By MARTIN CRUTSINGER
WASHINGTON — Federal Reserve Chair Janet Yellen said Tuesday that the U.S. economy is making steady progress, but for now the Fed is sticking with patience in raising interest rates because the labor market is still healing and inflation is too low.
In her semiannual economic report to Congress, Yellen sought to explain how the Fed would begin raising rates from lows near zero and what it would say to prepare financial markets. Its continuing use of the word “patient” means a rate hike is unlikely for at least the next two meetings, she said.
When the Fed eventually changes its language, Yellen said that will not necessarily translate to an imminent shift in monetary policy. Rather, it will indicate that the Fed can start considering rate hikes on a “meeting-by-meeting basis.”
Her remarks come at a delicate time for the Fed. After winning praise for how she handled her first year as head of the central bank, Yellen is facing a tougher challenge this year. She must navigate a transition from record-low interest rates to a period when the Fed will start raising rates while trying to keep financial markets calm and maintain economic growth.
To some private economists, Yellen appeared to be positioning the Fed for a rate hike in June.
Yellen’s upbeat assessment of growth and the labor market, as well as her comments on inflation, are “a clear sign that March is very much in play for dropping `patient’ and, hence that June is still in play for the first hike,” said Ian Shepherdson, chief economist at Pantheon Macroeconomics.
As expected, Yellen stuck closely to the views revealed by the minutes of the Fed’s Jan. 27-28 meeting, in which Fed officials recognized that the economy was finally gaining momentum nearly six years after the country began to emerge from the worst recession since the 1930s.
But Republicans, who now control Congress, have complained that the Fed's cautious approach is fueling the risks that inflation could accelerate to worrisome levels in the future, forcing it to push rates up more quickly.
Senate Banking Committee Chairman Richard Shelby, R-Alabama, said in his opening remarks that a prolonged delay in raising rates “could lead to a more painful correction down the road.”
Shelby was also critical of secrecy at the Fed. He said that the minutes of the Fed’s discussions, released three weeks after each meeting, offer too little guidance about how it plans to unwind its unprecedented level of support to the economy.

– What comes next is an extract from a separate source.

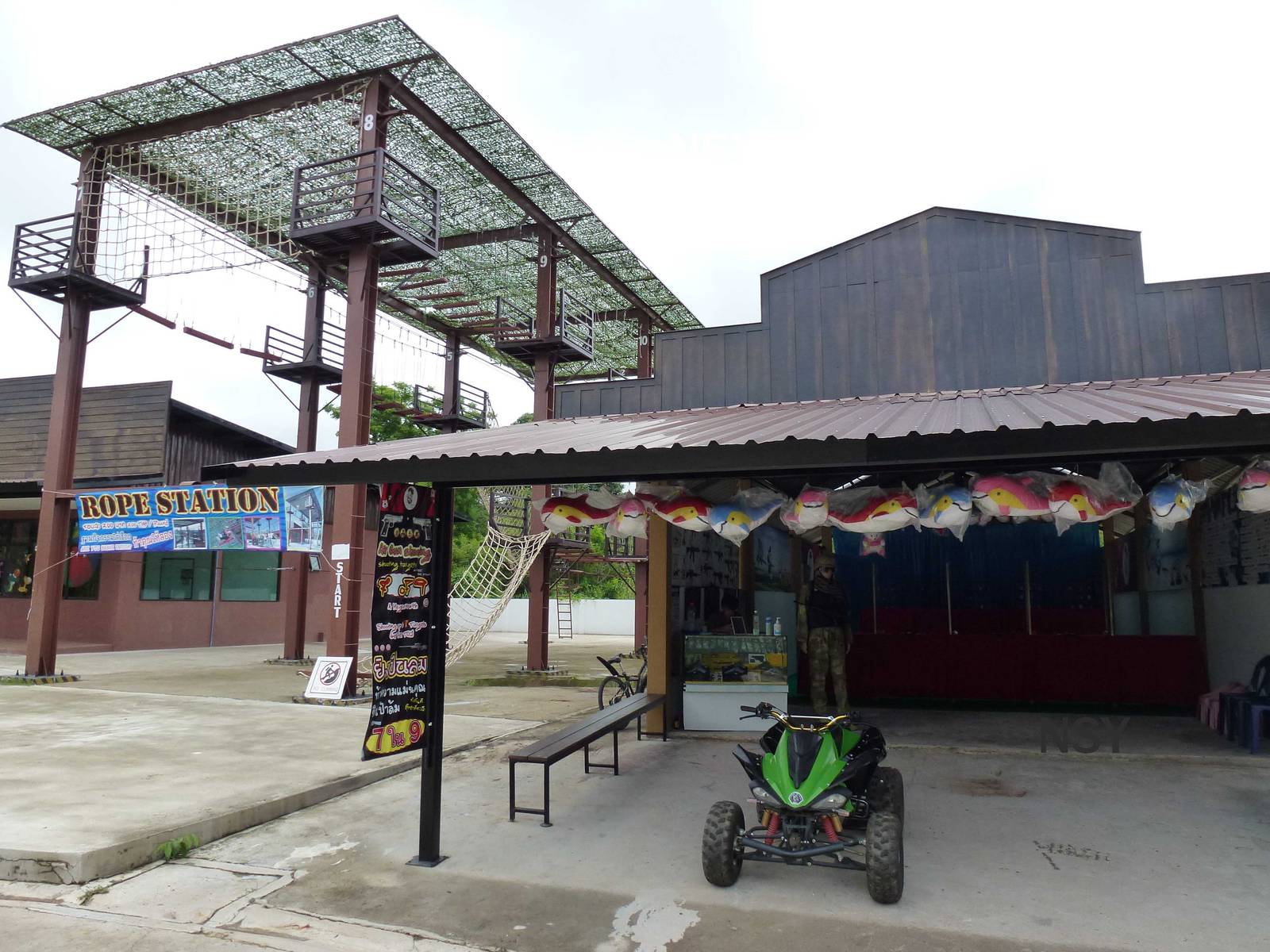 Activities area, June 2013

“What the (Fed) is thinking and how they are analyzing this very difficult problem set remains a mystery,” Shelby told Yellen. “I would argue … that there is an even greater need now for additional oversight by Congress and further reforms” of the Fed.
Conservative Republicans in both the House and Senate have been pushing for legislation that would expand the ability of Congress to oversee Fed actions, including expanded audits of the institution. Yellen and other Fed officials have opposed this effort, saying it could compromise the Fed’s independence.

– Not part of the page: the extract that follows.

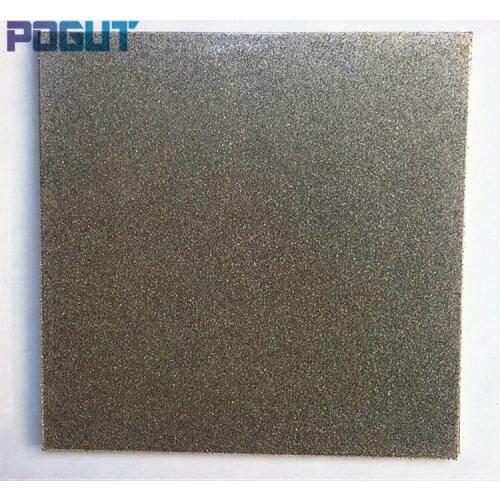 Diamond Hand Grinding Pad 200*200mm Abrasive Plate Glass Jade Stamp Dressing Disc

Yellen reiterated her strong opposition to the legislation, which would grant the Government Accountability Office the power to audit the central bank’s decisions on monetary policy.
The bill would “politicize monetary policy and bring … political pressures to bear on the Fed,” Yellen said.
Yellen said that in the 1980s, the Fed under then-Chairman Paul Volcker would probably not have been willing to take the hard decisions to drive interest rates up to successfully deal with high inflation if it had been subjected to GAO reviews of its decisions.
In her testimony, Yellen said that since she delivered the Fed’s last report to Congress in July, the labor market has improved “along many dimensions.” She noted that the unemployment rate is down to 5.7 percent from a high of 10 percent in late 2009, and job growth has accelerated to an average of 280,000 new jobs created each month.
Long-term unemployment has declined substantially and fewer workers are reporting that they can only find part-time work, she said. But balanced against those improvements, Yellen said that “too many Americans remain unemployed or underemployed, wage growth is still sluggish and inflation remains well below our longer-run objective.”
One of the Fed’s primary goals is stable prices, which it defines as inflation rising at 2 percent annually. But for more than two years, inflation has been rising well below 2 percent and has fallen farther from that target in recent months.
Yellen attributed that development to the big plunge in oil prices and a rising value of the U.S. dollar, which has strengthened as the U.S. economy has outperformed other countries. A stronger dollar holds down inflation by making imports cheaper for Americans.
Yellen noted that foreign economic developments posed risks to the U.S. outlook, although she said the pace of growth overseas had improved slightly in the last half of last year.
She said the foreign challenges included the threat that the Chinese economy, the world’s second largest, could slow more than anticipated. She also mentioned on-going threats in Europe including a slow recovery and very low inflation. But aggressive efforts by the European Central Bank to boost growth should boost growth in the euro area.
Yellen will follow her appearance Tuesday before the Senate Banking Committee with testimony Wednesday before the House Financial Services Committee.